■ **Instructions to follow**
Begin at the line containing "Animals And Their" and retype each line through the end of the records exactly. Include nothing else and no pictures.

(Source records)
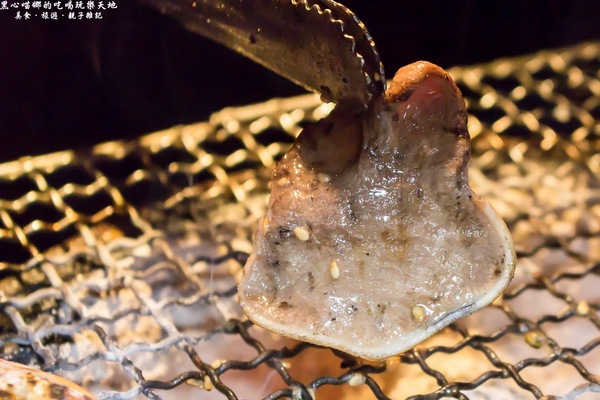 (邀稿)高雄新興︱野饌日式炭火燒肉火烤兩吃吃到飽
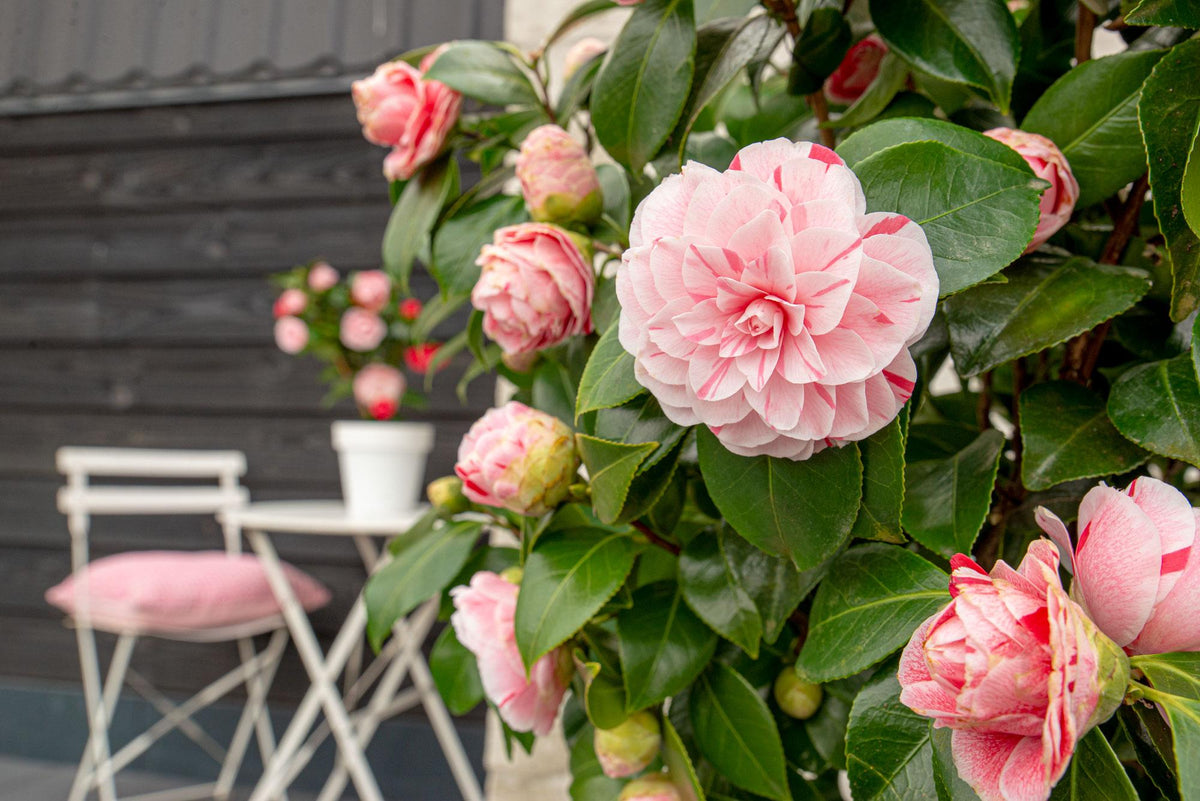 Camellia japonica 'Bonomiana' - Ø19 - ↨65cm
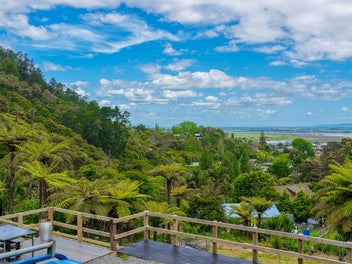 113 Collarbone Road, Thames, Thames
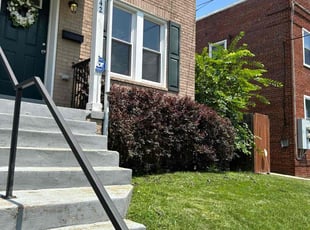 Bush Trimming by Steven Foster for Danielle P. in Washington, DC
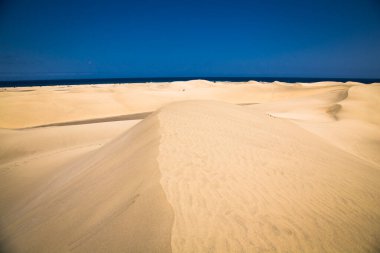 Gran Canaria 'daki ünlü doğal Maspalomas plajındaki kum tepeleri. İspanya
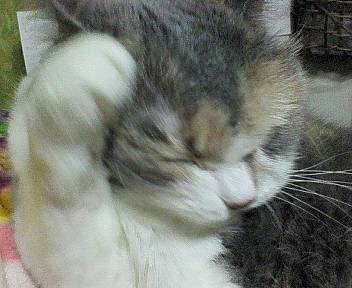 886a0127.jpeg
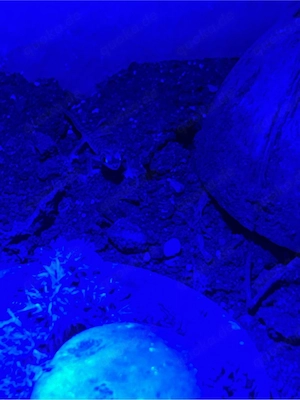 Palmatogecko, Pachydactylus Rangei Bild 3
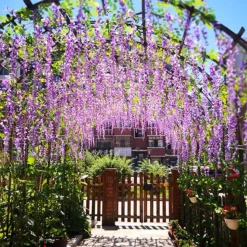 DTOPBUYAGE - Paquet de 12 rotins de fleurs artificielles de glycine et de violet pour mariage violet dtopbuyage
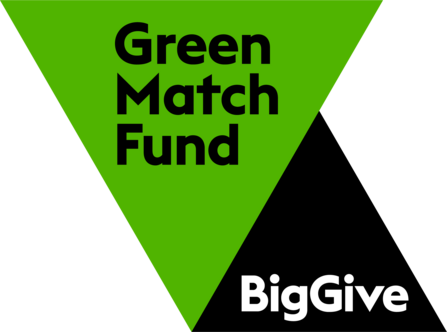 Green and black triangles with Green Match Fund Big Give words
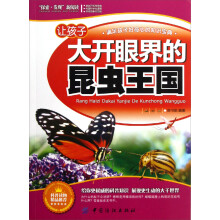 让孩子大开眼界的昆虫王国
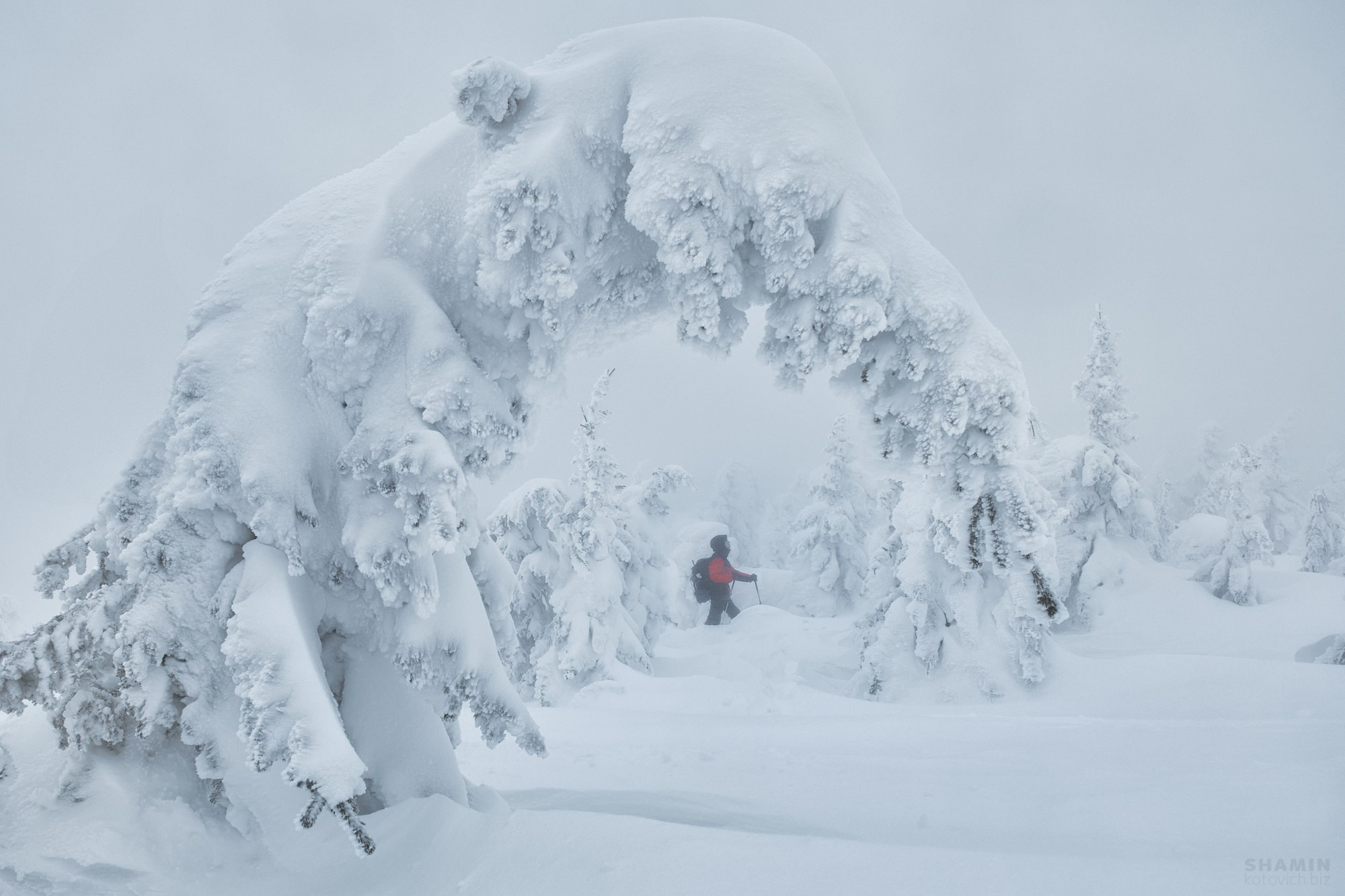 Проект 365. Фотограф Константин Шамин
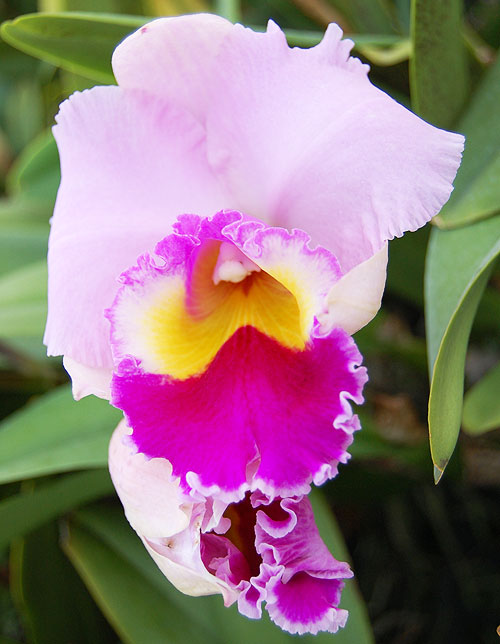 DSC_6189.jpg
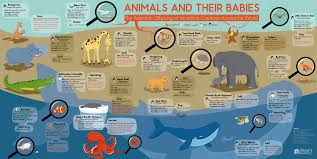Animals And Their Lovable Young Infographic In 2020 Baby Infographic Animal Facts Baby Animals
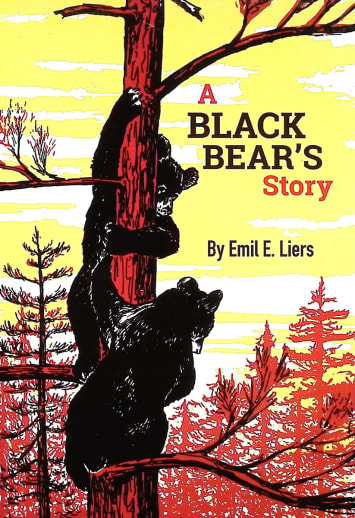 Black Bear's Story (Animal Stories)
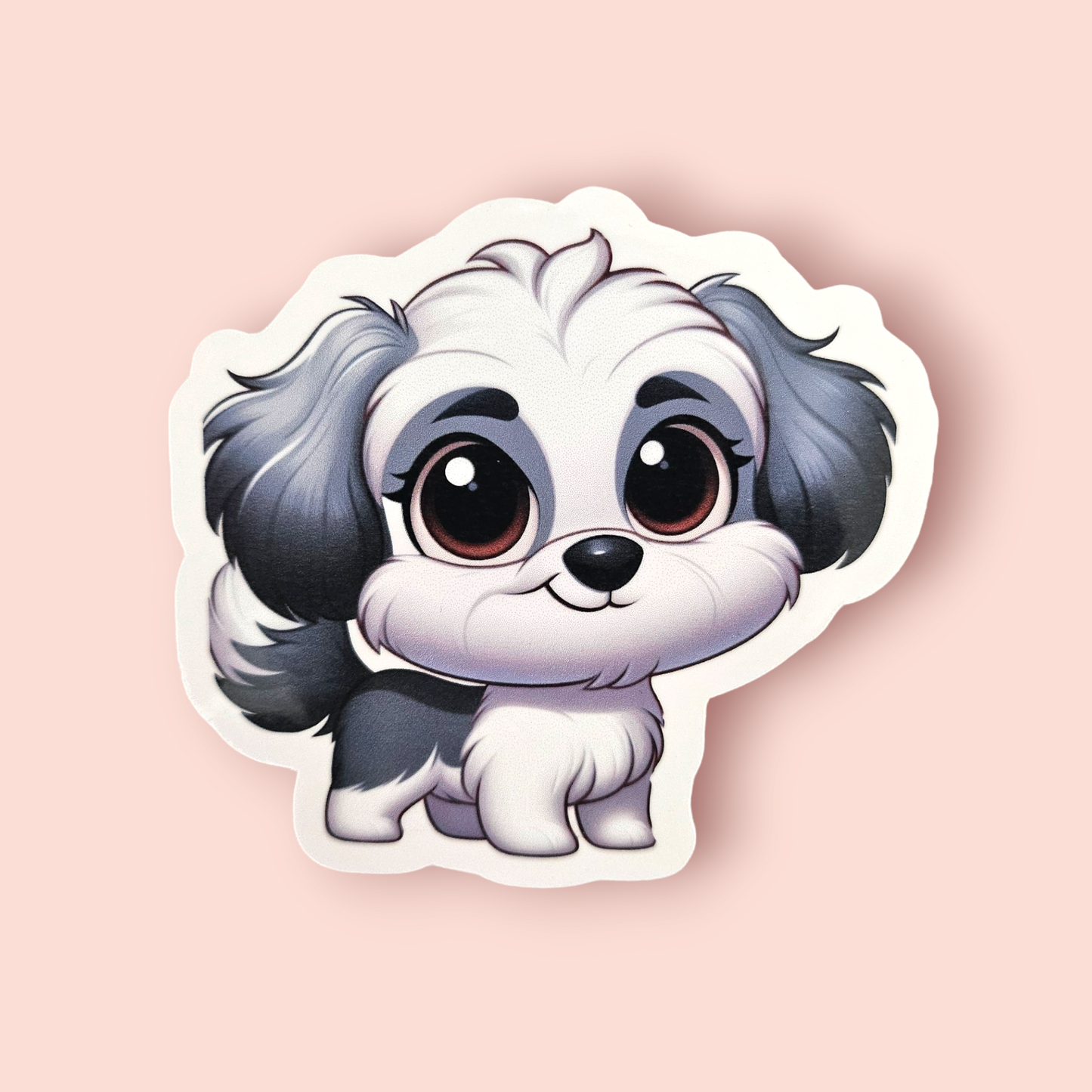 Maltipoo - Grey & White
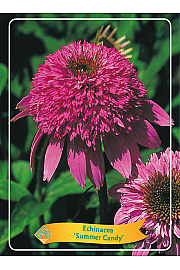 Echinacea Summer Candy Ø11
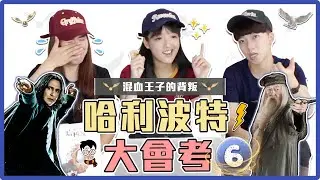 哈利波特第六集大會考！混血王子的由來？發生了什麼讓粉絲心碎的事情？哈迷來挑戰！｜麻瓜挑戰💪
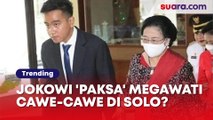Jokowi Terungkap 'Paksa' Megawati Cawe-cawe di Solo, Gibran Santai: Kalau Tidak Dipilih Rakyat, Percuma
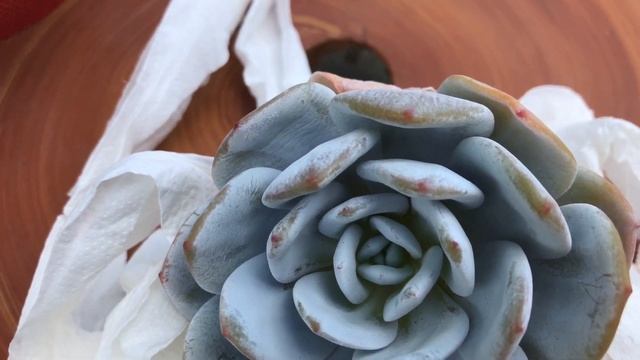 Unboxing and Repotting | Echeveria Laui ? смотреть онлайн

■ **Result of this exercise**
Animals And Their Lovable Young Infographic In 2020 Baby Infographic Animal Facts Baby Animals
 Black Bear's Story (Animal Stories)
 Maltipoo - Grey & White
 Echinacea Summer Candy Ø11
 哈利波特第六集大會考！混血王子的由來？發生了什麼讓粉絲心碎的事情？哈迷來挑戰！｜麻瓜挑戰💪
Jokowi Terungkap 'Paksa' Megawati Cawe-cawe di Solo, Gibran Santai: Kalau Tidak Dipilih Rakyat, Percuma
 Unboxing and Repotting | Echeveria Laui ? смотреть онлайн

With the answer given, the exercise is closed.